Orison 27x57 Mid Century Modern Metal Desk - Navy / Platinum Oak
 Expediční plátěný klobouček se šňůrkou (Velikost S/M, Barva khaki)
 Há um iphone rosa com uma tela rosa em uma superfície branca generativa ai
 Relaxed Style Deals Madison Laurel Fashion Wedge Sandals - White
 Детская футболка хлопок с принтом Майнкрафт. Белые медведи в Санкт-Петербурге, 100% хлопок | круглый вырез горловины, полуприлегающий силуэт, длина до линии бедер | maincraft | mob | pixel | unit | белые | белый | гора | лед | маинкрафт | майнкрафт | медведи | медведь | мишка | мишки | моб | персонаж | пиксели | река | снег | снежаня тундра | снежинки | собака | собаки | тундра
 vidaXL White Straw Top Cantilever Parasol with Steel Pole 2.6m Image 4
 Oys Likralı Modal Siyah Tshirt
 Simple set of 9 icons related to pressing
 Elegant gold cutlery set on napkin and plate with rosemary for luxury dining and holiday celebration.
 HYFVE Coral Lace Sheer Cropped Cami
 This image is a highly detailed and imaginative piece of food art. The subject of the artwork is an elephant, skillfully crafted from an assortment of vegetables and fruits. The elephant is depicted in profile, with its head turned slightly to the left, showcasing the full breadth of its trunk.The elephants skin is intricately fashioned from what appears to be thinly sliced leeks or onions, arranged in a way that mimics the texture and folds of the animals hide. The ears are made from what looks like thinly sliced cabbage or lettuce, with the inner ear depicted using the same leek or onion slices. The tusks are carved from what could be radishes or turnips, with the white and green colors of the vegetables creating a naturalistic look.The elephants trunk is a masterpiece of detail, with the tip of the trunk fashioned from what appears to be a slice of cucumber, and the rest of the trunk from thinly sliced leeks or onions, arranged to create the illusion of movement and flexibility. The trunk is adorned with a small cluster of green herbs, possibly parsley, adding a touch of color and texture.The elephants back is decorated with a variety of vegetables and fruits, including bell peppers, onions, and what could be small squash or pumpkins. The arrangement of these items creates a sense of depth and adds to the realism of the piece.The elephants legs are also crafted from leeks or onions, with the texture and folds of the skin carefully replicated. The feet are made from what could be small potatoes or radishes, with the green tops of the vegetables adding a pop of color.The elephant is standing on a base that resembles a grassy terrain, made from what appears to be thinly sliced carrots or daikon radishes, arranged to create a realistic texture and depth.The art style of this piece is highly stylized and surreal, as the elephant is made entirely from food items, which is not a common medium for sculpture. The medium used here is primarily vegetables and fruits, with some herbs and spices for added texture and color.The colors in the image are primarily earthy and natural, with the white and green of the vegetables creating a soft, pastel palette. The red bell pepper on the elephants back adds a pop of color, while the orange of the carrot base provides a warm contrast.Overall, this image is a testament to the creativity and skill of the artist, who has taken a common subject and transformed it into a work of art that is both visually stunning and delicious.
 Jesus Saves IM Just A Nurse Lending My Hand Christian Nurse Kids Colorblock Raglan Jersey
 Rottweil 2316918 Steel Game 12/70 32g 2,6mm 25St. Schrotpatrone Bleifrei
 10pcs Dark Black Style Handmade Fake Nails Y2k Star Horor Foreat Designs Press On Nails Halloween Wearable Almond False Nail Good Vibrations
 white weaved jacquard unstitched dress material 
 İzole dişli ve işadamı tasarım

========

PROBLEM DETAILS: Repeat the material in full. Nothing may differ.

COMPLETED EXERCISE:
Orison 27x57 Mid Century Modern Metal Desk - Navy / Platinum Oak
 Expediční plátěný klobouček se šňůrkou (Velikost S/M, Barva khaki)
 Há um iphone rosa com uma tela rosa em uma superfície branca generativa ai
 Relaxed Style Deals Madison Laurel Fashion Wedge Sandals - White
 Детская футболка хлопок с принтом Майнкрафт. Белые медведи в Санкт-Петербурге, 100% хлопок | круглый вырез горловины, полуприлегающий силуэт, длина до линии бедер | maincraft | mob | pixel | unit | белые | белый | гора | лед | маинкрафт | майнкрафт | медведи | медведь | мишка | мишки | моб | персонаж | пиксели | река | снег | снежаня тундра | снежинки | собака | собаки | тундра
 vidaXL White Straw Top Cantilever Parasol with Steel Pole 2.6m Image 4
 Oys Likralı Modal Siyah Tshirt
 Simple set of 9 icons related to pressing
 Elegant gold cutlery set on napkin and plate with rosemary for luxury dining and holiday celebration.
 HYFVE Coral Lace Sheer Cropped Cami
 This image is a highly detailed and imaginative piece of food art. The subject of the artwork is an elephant, skillfully crafted from an assortment of vegetables and fruits. The elephant is depicted in profile, with its head turned slightly to the left, showcasing the full breadth of its trunk.The elephants skin is intricately fashioned from what appears to be thinly sliced leeks or onions, arranged in a way that mimics the texture and folds of the animals hide. The ears are made from what looks like thinly sliced cabbage or lettuce, with the inner ear depicted using the same leek or onion slices. The tusks are carved from what could be radishes or turnips, with the white and green colors of the vegetables creating a naturalistic look.The elephants trunk is a masterpiece of detail, with the tip of the trunk fashioned from what appears to be a slice of cucumber, and the rest of the trunk from thinly sliced leeks or onions, arranged to create the illusion of movement and flexibility. The trunk is adorned with a small cluster of green herbs, possibly parsley, adding a touch of color and texture.The elephants back is decorated with a variety of vegetables and fruits, including bell peppers, onions, and what could be small squash or pumpkins. The arrangement of these items creates a sense of depth and adds to the realism of the piece.The elephants legs are also crafted from leeks or onions, with the texture and folds of the skin carefully replicated. The feet are made from what could be small potatoes or radishes, with the green tops of the vegetables adding a pop of color.The elephant is standing on a base that resembles a grassy terrain, made from what appears to be thinly sliced carrots or daikon radishes, arranged to create a realistic texture and depth.The art style of this piece is highly stylized and surreal, as the elephant is made entirely from food items, which is not a common medium for sculpture. The medium used here is primarily vegetables and fruits, with some herbs and spices for added texture and color.The colors in the image are primarily earthy and natural, with the white and green of the vegetables creating a soft, pastel palette. The red bell pepper on the elephants back adds a pop of color, while the orange of the carrot base provides a warm contrast.Overall, this image is a testament to the creativity and skill of the artist, who has taken a common subject and transformed it into a work of art that is both visually stunning and delicious.
 Jesus Saves IM Just A Nurse Lending My Hand Christian Nurse Kids Colorblock Raglan Jersey
 Rottweil 2316918 Steel Game 12/70 32g 2,6mm 25St. Schrotpatrone Bleifrei
 10pcs Dark Black Style Handmade Fake Nails Y2k Star Horor Foreat Designs Press On Nails Halloween Wearable Almond False Nail Good Vibrations
 white weaved jacquard unstitched dress material 
 İzole dişli ve işadamı tasarım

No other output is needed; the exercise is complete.